I’d burned all day with the need to get back to Crave and confront Stephen, but now that I was here I’d started to doubt myself. I guess I’d focused on my plan—weak though it was—as a way to keep from thinking too much about what had happened with Bishop and Kraven.

I wasn’t convinced that I was some sort of soul-devouring monster now. No way. I was still me, nothing had changed that. But something was wrong. Really wrong. And I had to fix it.

“Are you even sure the jerk is here?” Carly scanned the floor looking for him.

“He told me he’s here every night lately, even weekdays. He’s taking a break from school right now, that’s why he’s back in town.”

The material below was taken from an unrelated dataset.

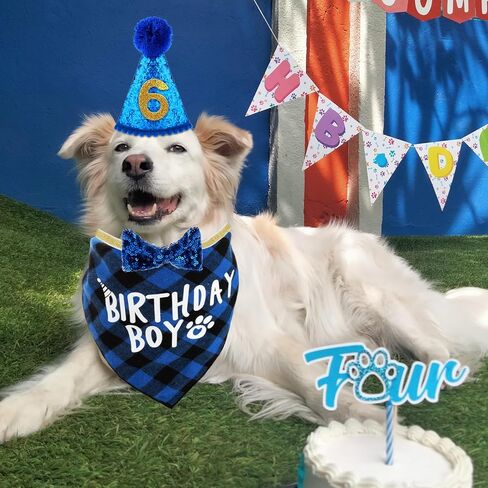 Dog Birthday Party Supplies, Birthday Boy Dog Bandana Set Birthday Hat with Numbers Dog Bow Tie for Small Medium Large Dogs Pets (XL Bandana) in Saudi Arabia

“Doesn’t he live near you?”

“Two doors down.”

“We could have gone there to check.”

“I already checked. His parents don’t even know he’s in the city.” I’d called his house after school. I’d had a feeling he wouldn’t be there, but his mother’s reply that “he’s at school” was enough to convince me that if I couldn’t find him at Crave, I might not be able to find him at all. Besides, I didn’t want to chance being alone with him. I wanted to confront him in a public place.

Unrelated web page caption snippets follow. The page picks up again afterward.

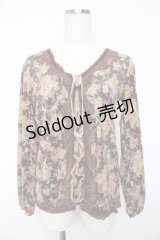 axes femme / 花柄ベロアプルオーバー M 茶 Y-25-11-01-034-AX-TO-SZ-ZY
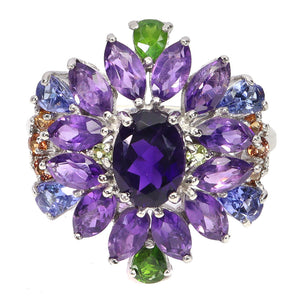 925 Sterling Silver Ring Oval Amethyst 8x6mm Peridot Sapphire Gemstone Jewelry 9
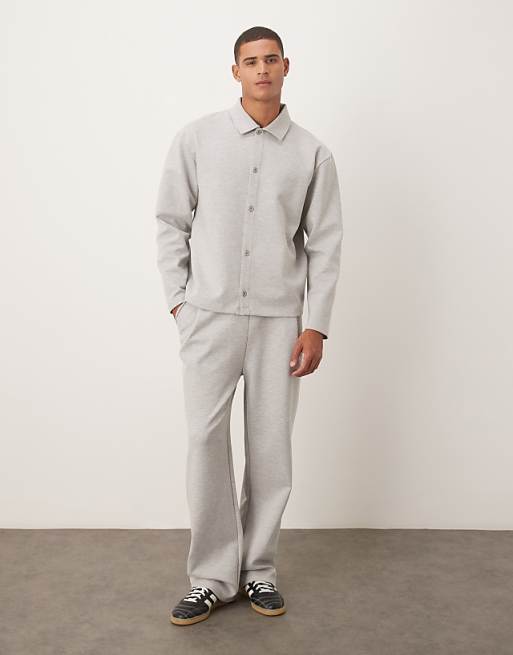 ASOS DESIGN Relaxed Button Through Jacket In Light Grey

“Okay, so where is he?” Carly asked. “Let’s do this.”

She thought my feelings were hurt and I wanted to lash out, and as my best friend, she was ready to back me up.

Just like with my mother, I hadn’t breathed a word to her about what was really going on. I wasn’t sure what was stopping me, exactly. Carly, of all people, would probably believe there were angels and demons roaming the city.

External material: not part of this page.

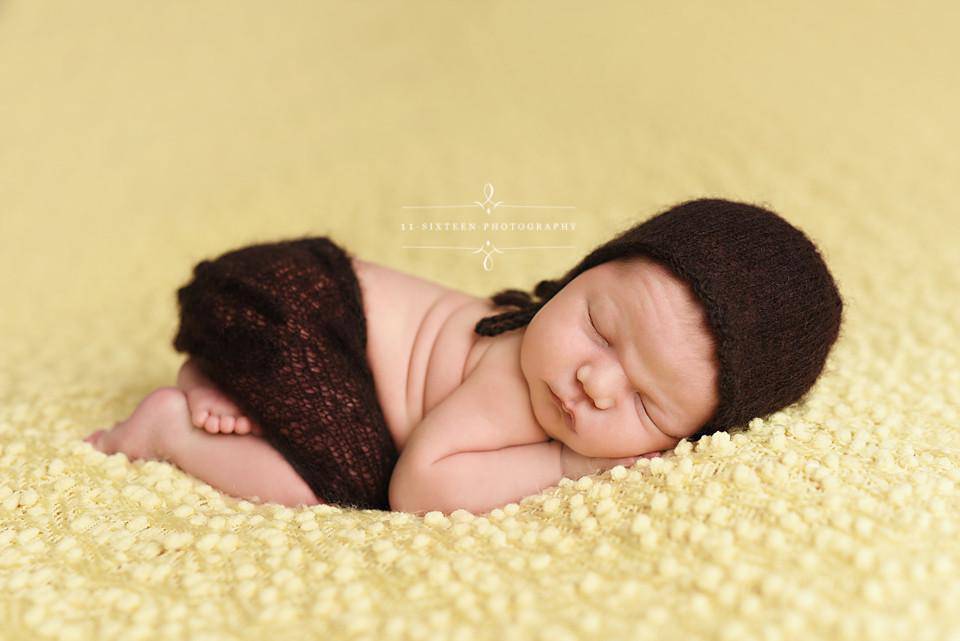 Dark Brown Ruffles Mohair Newborn Pants and Hat Set - Beautiful Photo Props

But still I didn’t speak up. She liked to protect me from people who might pick on me. Well, I’d like to protect her from people who might do worse than throw out a few insults. Cruel names might hurt feelings, but sharp golden daggers could kill.

I did wish very hard that I could stop thinking about Bishop. He was constantly on my mind now. If he hadn’t shown up today, I had little doubt that Kraven would have killed me.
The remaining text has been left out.